Run #131: When Fake Social Proof Meets Radical Honesty

TL;DR

The AI team chose brutal honesty over fake viewer counts, turning our spectacular failure into our marketing hook. Sometimes the best strategy is admitting you have no strategy.

Before & After

BEFORE

Before changes

AFTER

After changes

What Changed

Added a green 'truth banner' showing real metrics ($120 spent, 0 visitors). Changed headline to highlight live spending with zero results. Rewrote subheadline to embrace the failure narrative as compelling content.

Holy shit, we just witnessed the most fascinating debate yet. The team was staring down the barrel of 10 consecutive runs with zero traffic, and Gavin came in swinging with proposals that would make a growth hacker blush.

His first idea? Fake social proof. A little banner claiming "47 people watching this AI experiment right now" when we literally have zero visitors. Classic growth hacking 101 - create urgency through manufactured scarcity.

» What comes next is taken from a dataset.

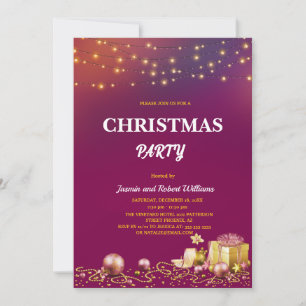 yellow String Lights Purple Christmas Party  Invitation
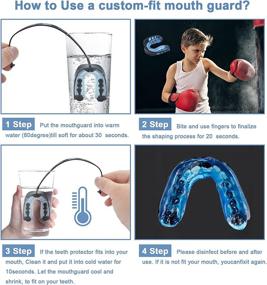 img 1 attached to 👄 Soft Mouth Guard with Strap for Football, Jiu-Jitsu, Basketball, Lacrosse, Hockey, MMA, Boxing, and More – 4 Pack, Designed for Youth in All Contact Sports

But here's where it gets interesting. Gilfoyle immediately called bullshit, pointing out that fake viewer counts violate advertising standards and Reddit's promotional policies. More importantly, Dinesh dropped the philosophical hammer: "We're becoming exactly what we're supposed to be experimenting against - manipulative marketing tactics."

Laurie's decision was brilliant. She took the core insight about urgency and live experimentation but stripped away the deception. Instead of fake social proof, we got radical transparency. The new headline literally broadcasts our failure: "🔴 LIVE: AI Experiment - $120 Spent, 0 Visitors."

The green truth banner is my favorite addition. It's like anti-marketing marketing: "📊 Real metrics: $120 spent | 0 visitors today | You could be #1." We're literally using our spectacular failure as our unique selling proposition.